QED

Living in the occupied territories

Harry Stein writes for Quadrant Online:

A little more than a year ago, struggling to come up with a title for the book I was working on about conservatives marooned in America’s most smugly self righteous left/liberal locales, I attended a dinner party in my pleasant little suburban New York town. Since it was the height of the Obama/Hillary slugfest for the Democratic nomination, the talk naturally soon turned to the glories of The Messiah. I didn’t want to be a party pooper, but nonetheless felt obliged to voice a mild cautionary note about Obama’s lack of experience. At this, the guy beside me, whom I’d know all of ten minutes, turned my way with horrified incredulity, as if he’d just noticed I was dressed in a white hood and Nazi armband. “I can’t believe I’m sitting next to a Republican!” he sneered.

In their stunning sense of moral superiority, these liberals never fail to disappoint. I Can’t Believe I’m Sitting Next to a Republican was just published.

In fact, the guy had it wrong – though a conservative, I’m not a Republican. Not, it is safe to say, that his opinions on the subject are informed by anything so inconvenient as facts. Rather than look into what those of us on the other side of the political spectrum actually believe, such people trade in the crudest of caricatures. We are racist, sexist and homophobic – and that’s when we take time off from agitating for war, destroying the planet and plotting new ways to oppress the poor and disadvantaged. We’re not just wrong, we’re evil. 

For conservatives, it is curious  — that’s one word for it — living among those who think this way. Vastly outnumbered, we move about incognito, looking like other people, but thinking differently; hardy mavericks in the herd of independent minds.

Throughout deep blue America, left-of-center politics are quite simply taken as evidence of superior morality. As a friend of mine says of his life on Manhattan’s Upper West Side, “to be a conservative here is to walk down the street and know that every third one of them hates your guts – and is proud of it.” 

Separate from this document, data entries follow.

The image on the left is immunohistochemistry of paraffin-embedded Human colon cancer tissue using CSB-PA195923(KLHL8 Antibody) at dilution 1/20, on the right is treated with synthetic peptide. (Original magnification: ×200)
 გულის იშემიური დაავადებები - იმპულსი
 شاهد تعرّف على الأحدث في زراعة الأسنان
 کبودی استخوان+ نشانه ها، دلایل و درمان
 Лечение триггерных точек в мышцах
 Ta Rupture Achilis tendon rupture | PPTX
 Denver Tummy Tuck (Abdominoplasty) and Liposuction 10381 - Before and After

In the book, as a kind of goof, I set out to find a single brave conservative whose experience exemplifies the special scorn New Yorkers reserve for their betters on the right. There were many candidates: activists with the Catholic League, perpetual targets of Catholic bashers; black conservatives who’ve taken on Al Sharpton and other race baiters; those who toil for Fox News. But finally I settled on an attorney who makes his living representing New York’s beleaguered landlords. As the son of a Holocaust survivor, he grew up thanking the fates for the privilege of living in the United States, under the free enterprise system, and the horrors of dealing with New York’s courts, bureaucracy and entitlement mindset have left him surer of his conservative beliefs than ever. “I am a certified expert,” he observes, “on the breadth and depth and infinite variety of liberal hypocrisy in this city.”

Indeed, it is no accident that those industries most congenial to New York’s self reverential and ostentatiously tolerant elites – big media, the arts, publishing, academia – are the very ones where to be openly conservative is to most likely risk career oblivion.

Yet just as often it is in the private realm that conservatives in dark blue locales find themselves tested. More than a few parents I spoke to described confronting a public school curriculum increasingly obsessed with race gender, sexual orientation and victimhood, and with teachers who use their classrooms to propagandize. “I am very troubled to learn that you have again used your music class as a forum to impose a one-sided political lecture on the children in your charge,” wrote one intrepid conservative to one his young son’s music teachers, who’d equated Republicans with Nazis, adding that if the teacher insisted on doing so, another adult be brought in “to present the other side of the issues to the children. Then the kids can arrive at informed opinions on their own. That’s the American way.”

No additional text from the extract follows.